Without a doubt, model-based and computer-aided concepts are valuable tools for translating promising lab findings into efficient processes. Biased model-based results, however, due to model misspecification and model parameter uncertainties, are equally probable. This is particularly true when measurement data are limited in quantity and quality. Thus, in our work, we have successfully demonstrated the benefit of robustification and GSA concepts for MB-OED to gain the most informative data and to improve parameter estimates, respectively. The classical MB-OED, which is based on local sensitivities, is error-prone and is expected to provide sub-optimal experimental designs. For novel APIs, which are available only in very small quantities, each individual experimental run counts. Therefore, MB-OED following a multi-point averaging approach or GSA principles seem to be preferable as demonstrated by the DHBD synthesis problem. Moreover, Shannon-entropy-based design measures, which can account for global parameter sensitivities easily, provide a new angle in MB-OED. Assuming a proper weighting factor, it provides low parameter uncertainties and correlations as illustrated by the biochemical synthesis study.

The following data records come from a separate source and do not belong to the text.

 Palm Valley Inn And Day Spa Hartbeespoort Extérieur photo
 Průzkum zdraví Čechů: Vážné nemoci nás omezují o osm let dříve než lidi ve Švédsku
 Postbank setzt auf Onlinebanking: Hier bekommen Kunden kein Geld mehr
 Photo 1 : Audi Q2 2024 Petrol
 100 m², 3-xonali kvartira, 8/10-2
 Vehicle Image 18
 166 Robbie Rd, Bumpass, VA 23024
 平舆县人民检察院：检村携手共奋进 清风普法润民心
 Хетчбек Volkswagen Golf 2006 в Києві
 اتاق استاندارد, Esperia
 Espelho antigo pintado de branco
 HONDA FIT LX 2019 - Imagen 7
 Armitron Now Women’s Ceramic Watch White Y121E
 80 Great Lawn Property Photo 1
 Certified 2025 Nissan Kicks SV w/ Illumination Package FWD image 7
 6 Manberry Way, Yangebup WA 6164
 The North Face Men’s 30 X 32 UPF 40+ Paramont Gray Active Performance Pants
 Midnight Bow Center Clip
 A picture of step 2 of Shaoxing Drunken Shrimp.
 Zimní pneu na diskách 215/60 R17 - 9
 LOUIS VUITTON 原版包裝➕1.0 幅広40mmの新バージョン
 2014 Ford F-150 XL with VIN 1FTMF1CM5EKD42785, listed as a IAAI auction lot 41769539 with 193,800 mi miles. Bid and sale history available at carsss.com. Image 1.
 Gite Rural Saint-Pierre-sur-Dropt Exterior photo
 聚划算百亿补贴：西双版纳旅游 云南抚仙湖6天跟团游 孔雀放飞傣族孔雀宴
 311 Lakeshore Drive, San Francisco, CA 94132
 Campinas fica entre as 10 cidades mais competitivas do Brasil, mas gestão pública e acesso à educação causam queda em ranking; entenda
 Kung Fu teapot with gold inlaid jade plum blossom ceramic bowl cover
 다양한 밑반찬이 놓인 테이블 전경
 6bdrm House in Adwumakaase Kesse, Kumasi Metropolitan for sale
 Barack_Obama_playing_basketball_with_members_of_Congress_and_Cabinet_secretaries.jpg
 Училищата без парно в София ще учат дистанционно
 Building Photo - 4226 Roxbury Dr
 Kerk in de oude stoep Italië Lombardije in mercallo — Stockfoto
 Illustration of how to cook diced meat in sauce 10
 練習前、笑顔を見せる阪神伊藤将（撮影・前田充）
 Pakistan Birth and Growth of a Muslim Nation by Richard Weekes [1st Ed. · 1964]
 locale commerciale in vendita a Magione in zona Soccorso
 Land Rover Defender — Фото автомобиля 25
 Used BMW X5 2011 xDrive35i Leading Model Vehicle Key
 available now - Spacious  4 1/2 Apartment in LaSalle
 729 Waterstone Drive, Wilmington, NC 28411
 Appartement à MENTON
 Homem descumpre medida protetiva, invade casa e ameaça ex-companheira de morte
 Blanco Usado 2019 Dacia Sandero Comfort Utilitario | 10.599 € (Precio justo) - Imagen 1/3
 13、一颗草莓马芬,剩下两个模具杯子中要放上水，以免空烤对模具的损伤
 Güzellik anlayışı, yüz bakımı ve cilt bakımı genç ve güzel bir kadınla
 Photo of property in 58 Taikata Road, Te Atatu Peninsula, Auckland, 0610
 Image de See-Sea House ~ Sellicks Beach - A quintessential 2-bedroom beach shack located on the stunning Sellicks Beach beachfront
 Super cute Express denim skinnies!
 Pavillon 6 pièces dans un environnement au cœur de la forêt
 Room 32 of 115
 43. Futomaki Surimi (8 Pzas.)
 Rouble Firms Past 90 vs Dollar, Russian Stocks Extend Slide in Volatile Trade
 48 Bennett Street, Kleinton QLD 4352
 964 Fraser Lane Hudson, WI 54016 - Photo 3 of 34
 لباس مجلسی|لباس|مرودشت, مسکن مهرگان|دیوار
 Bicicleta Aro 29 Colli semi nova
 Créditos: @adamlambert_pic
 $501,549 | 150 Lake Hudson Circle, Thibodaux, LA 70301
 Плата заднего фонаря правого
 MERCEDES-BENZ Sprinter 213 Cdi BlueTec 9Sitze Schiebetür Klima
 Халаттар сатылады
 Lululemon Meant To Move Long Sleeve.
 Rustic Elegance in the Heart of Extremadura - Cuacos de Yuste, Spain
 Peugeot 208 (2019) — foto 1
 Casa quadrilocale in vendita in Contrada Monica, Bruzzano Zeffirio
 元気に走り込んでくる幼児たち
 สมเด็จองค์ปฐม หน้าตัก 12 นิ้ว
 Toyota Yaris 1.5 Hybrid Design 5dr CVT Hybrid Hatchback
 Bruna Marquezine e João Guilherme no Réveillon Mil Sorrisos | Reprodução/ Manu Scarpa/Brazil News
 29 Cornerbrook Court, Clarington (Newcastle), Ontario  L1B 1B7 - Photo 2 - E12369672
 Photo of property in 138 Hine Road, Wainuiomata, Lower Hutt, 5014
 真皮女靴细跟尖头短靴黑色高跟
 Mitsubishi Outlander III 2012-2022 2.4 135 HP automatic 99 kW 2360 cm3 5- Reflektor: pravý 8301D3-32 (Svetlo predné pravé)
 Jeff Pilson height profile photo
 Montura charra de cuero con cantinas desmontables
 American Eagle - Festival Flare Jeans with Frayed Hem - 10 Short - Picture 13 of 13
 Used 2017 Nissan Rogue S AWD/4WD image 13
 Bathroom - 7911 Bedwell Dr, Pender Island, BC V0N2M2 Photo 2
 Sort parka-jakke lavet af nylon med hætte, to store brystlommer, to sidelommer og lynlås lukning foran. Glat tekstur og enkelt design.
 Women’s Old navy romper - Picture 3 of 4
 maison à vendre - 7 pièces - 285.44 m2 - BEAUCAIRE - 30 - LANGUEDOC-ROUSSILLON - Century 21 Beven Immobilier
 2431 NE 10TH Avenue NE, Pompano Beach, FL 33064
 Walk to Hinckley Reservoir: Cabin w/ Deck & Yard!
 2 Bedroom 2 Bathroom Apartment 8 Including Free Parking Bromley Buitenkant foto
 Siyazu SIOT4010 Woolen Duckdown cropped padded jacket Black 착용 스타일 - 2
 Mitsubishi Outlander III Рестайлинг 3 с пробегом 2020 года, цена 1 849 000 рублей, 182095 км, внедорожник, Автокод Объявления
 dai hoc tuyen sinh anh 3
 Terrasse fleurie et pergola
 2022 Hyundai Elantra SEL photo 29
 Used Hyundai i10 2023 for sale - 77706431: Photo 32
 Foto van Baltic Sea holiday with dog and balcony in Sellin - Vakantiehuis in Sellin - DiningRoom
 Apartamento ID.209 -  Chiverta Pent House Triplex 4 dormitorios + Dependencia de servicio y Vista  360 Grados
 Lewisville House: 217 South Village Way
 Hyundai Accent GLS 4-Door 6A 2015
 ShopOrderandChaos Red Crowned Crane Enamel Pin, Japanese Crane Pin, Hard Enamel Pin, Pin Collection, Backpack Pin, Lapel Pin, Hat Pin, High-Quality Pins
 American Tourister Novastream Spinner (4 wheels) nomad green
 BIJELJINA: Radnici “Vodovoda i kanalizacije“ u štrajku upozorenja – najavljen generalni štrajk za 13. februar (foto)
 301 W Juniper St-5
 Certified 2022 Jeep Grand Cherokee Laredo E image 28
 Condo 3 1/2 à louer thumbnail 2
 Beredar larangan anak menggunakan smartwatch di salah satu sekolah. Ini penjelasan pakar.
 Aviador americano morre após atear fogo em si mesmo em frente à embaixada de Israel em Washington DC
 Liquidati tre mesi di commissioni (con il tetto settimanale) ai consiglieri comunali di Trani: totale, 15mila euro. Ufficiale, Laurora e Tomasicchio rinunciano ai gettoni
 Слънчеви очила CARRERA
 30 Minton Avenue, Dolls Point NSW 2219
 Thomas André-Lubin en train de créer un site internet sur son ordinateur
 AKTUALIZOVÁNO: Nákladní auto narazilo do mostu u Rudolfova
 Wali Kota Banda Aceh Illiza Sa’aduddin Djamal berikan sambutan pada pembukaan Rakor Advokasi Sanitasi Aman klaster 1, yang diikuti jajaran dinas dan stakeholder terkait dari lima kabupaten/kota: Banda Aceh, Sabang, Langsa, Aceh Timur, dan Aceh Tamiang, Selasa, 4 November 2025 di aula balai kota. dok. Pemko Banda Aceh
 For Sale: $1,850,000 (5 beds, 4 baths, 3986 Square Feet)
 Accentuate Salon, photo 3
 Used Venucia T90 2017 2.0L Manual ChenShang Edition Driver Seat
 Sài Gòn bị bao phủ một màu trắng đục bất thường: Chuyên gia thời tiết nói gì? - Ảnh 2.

To ensure the practical relevance, an efficient implementation of the proposed ideas was of particular interest in this study. The point estimate method framework seems to be an attractive alternative compared to state-of-the-art Monte Carlo simulations. On the one hand, it significantly reduces the computational load for advanced sensitivity analyses. On the other hand, its ease in implementation ensures a straightforward adaptation for various problems in MB-OED.

Nevertheless, there are still some open issues and potential research questions that have to be addressed in ongoing research. For instance, there is no systematic analysis under which conditions global sensitivity or robustification concepts perform best and, therefore, need to be explored in greater detail. This could lead to best-practice rules and informed decisions in MB-OED for nonlinear and complex models. An intensive study of tailored design metrics reflecting global sensitivity outcomes may also help to gain improvements in the model building process. In particular, multi-objective design concepts have to be explored and validated in the future. Finally, the proposed ideas have to be systematically extended to incorporate model misspecification as well, i.e., uncertainties related to the model structure itself in addition to the model parameters.